Yeah, I guess I should be worried about things other than a cupholder, but it is or a daily driver...


----------



## Rukee (Feb 8, 2007)

No food or drink allowed in my GTO!!!:shutme


----------



## 58mark (Sep 28, 2010)

Rukee said:


> No food or drink allowed in my GTO!!!:shutme


oh sure, if I was talking about a show quality GTO, I'd be right there with you. This is Lemans Daily driver, and I have a wife and two kids.

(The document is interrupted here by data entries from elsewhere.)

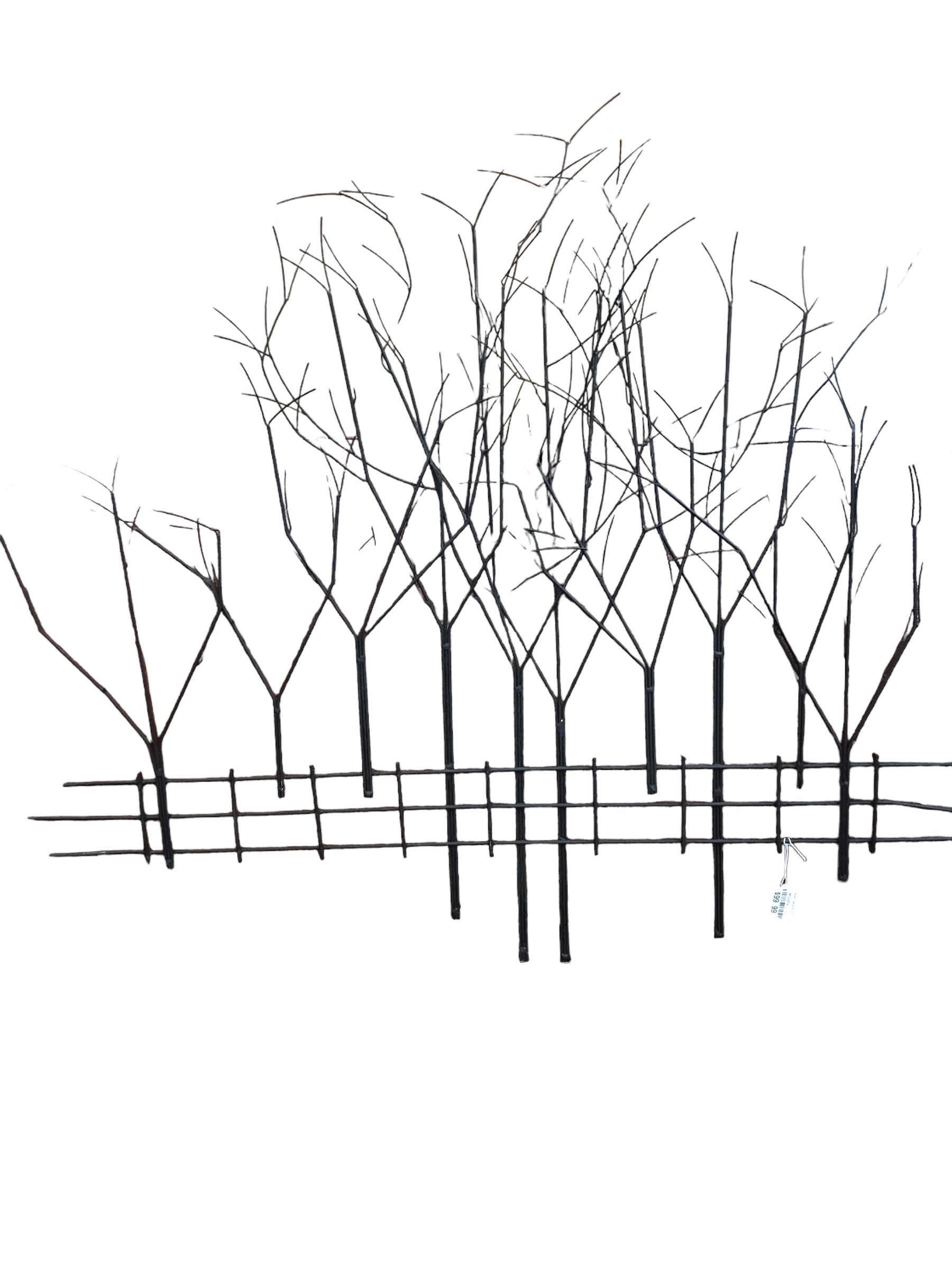 Wire tree with fence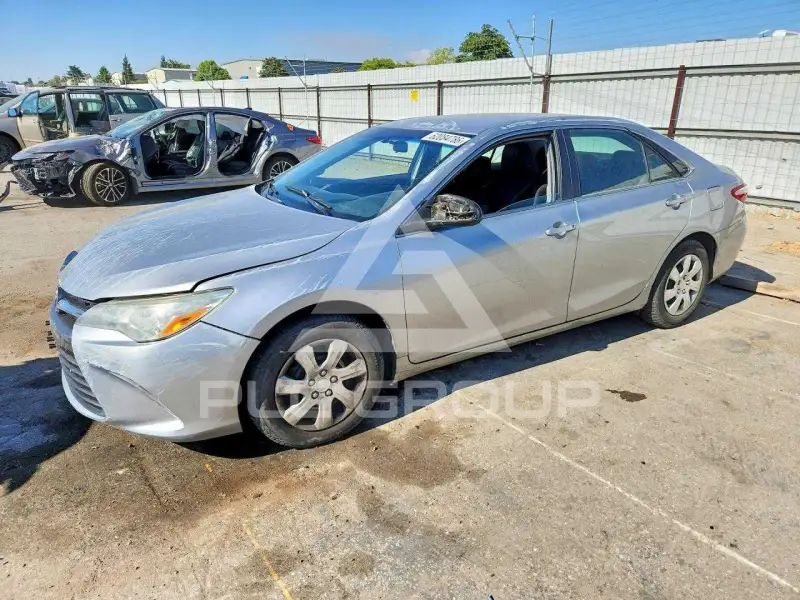 2015 Toyota CAMRY фото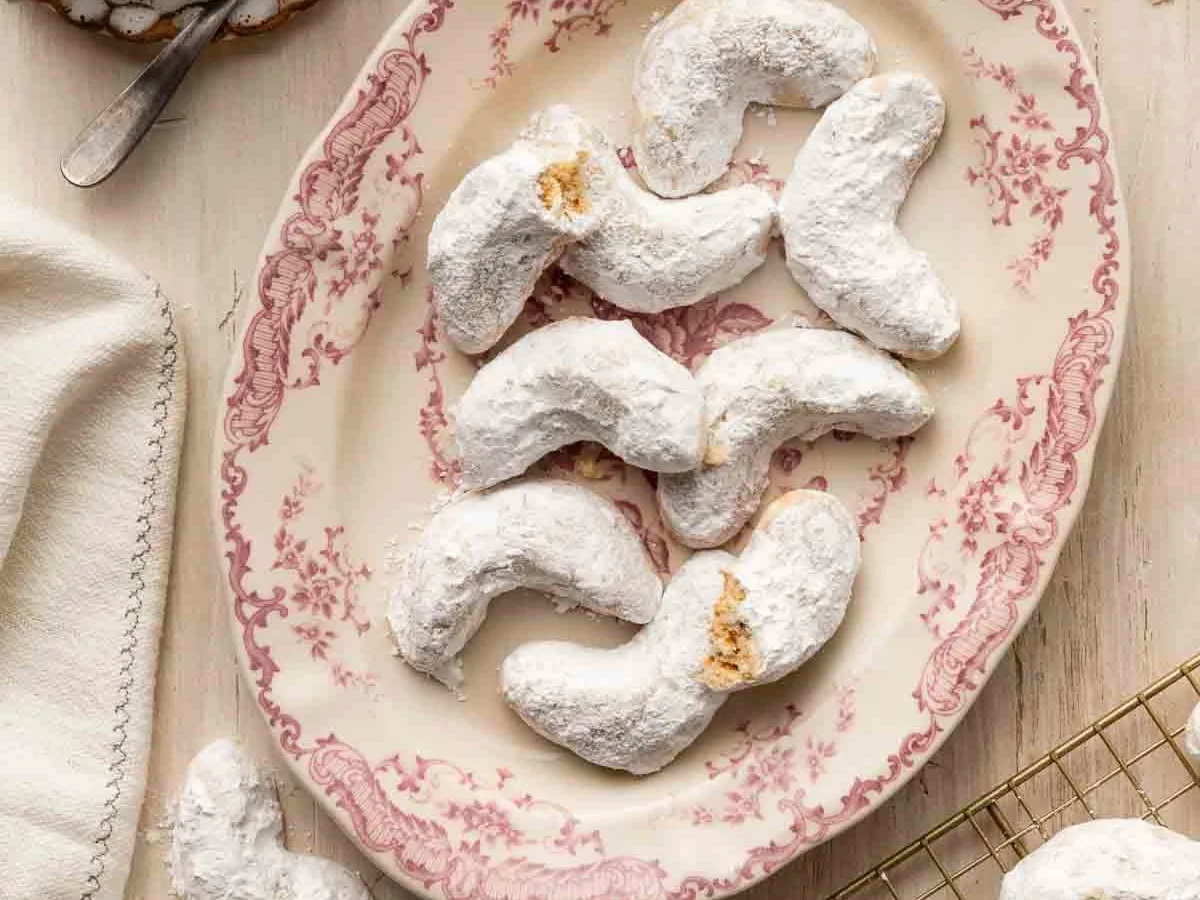Almond-Filled Crescents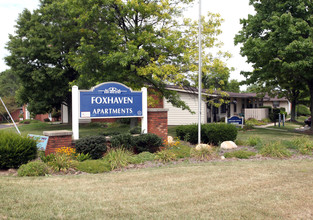 Foxhaven in Canton, OH - Foto de edificio - Building Photo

No drinks isn't realistic...

I found a couplke of interesting pages about modding A-bodies this way... see what you all think
Picasa Web Albums - Rok - Chevelle inte...

http://www.chevelles.com/forums/showthread.php?t=236229&page=2


----------



## 58mark (Sep 28, 2010)

OH my...

Hate the painted rear bumper

Don't like the Aqua..

but WOW, do I love that interior

Chuck Hamly's '70 Pontiac GTO - Popular Hot Rodding Magazine


----------



## 68greengoat (Sep 15, 2005)

I'm right there with ya. I like the interior too. The only thing my car has in common with that one is, we have the same floor mats....


----------



## Indecision (Oct 24, 2010)

58mark said:


> OH my...
> 
> Hate the painted rear bumper
> 
> ...


I have to disagree with you on that one... I do like some aspects on it, but it looks too much like a Cavalier or something with Dakota Digital Gauges.

If I had my way, my interior would almost be a recreation of this interior, though I just want to modify the dash, not the center console too.

http://image.highperformancepontiac.com/f/27375925/hppp_1003_10_z+1967_pontiac_gto+dash_pad.jpg

http://www.highperformancepontiac.com/features/hppp_1003_1967_pontiac_gto/photo_08.html


----------



## 58mark (Sep 28, 2010)

ok.. just my opinion.. take it for what it's worth

The dash has an old school vibe, and the door panels are rather ugly, but the seats and console are modern... I think the first car does a better job of tying together the resto mod look, giving you the feeling of a modern cockpit.

That being said, if I saw that car at a car show, my jaw would certainly drop out of respect.


----------



## Indecision (Oct 24, 2010)

I wasn't trying to insult you, just disagreeing. I agree the door panels suck on the car I posted, but I like how the center console and seats look and how the dash is modern with the carbon, gauges, and vents, but have an old feel. It's like a happy medium.


----------



## 58mark (Sep 28, 2010)

No disrespect intended either at your opinon....


----------